INSTRUCTIONS FOR THE TASK: Below this line are records; write out exactly the lines from the one containing "Even tiny children" through the one containing "介绍时尚种草背后的真实_彩妆介绍的真相与误区 介绍时尚种草背后的真实_彩妆介绍的真相与误区 家居时尚", with the pictures left out.

INPUT FOR THIS TASK:
──────────

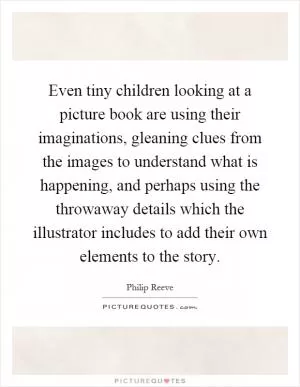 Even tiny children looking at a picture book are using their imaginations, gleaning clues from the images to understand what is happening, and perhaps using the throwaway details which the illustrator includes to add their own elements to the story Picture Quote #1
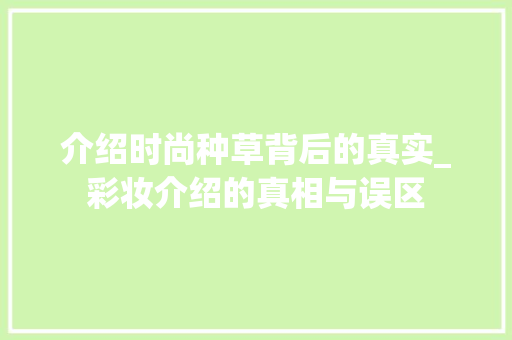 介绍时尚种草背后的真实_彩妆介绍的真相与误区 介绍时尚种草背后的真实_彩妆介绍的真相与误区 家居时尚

──────────

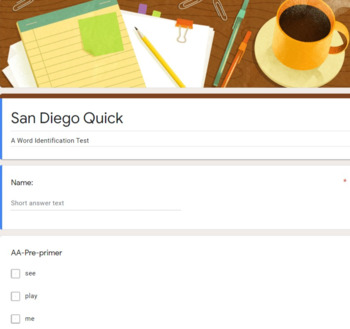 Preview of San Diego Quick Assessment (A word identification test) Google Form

──────────

RESPONSE BOX:
 Even tiny children looking at a picture book are using their imaginations, gleaning clues from the images to understand what is happening, and perhaps using the throwaway details which the illustrator includes to add their own elements to the story Picture Quote #1
 介绍时尚种草背后的真实_彩妆介绍的真相与误区 介绍时尚种草背后的真实_彩妆介绍的真相与误区 家居时尚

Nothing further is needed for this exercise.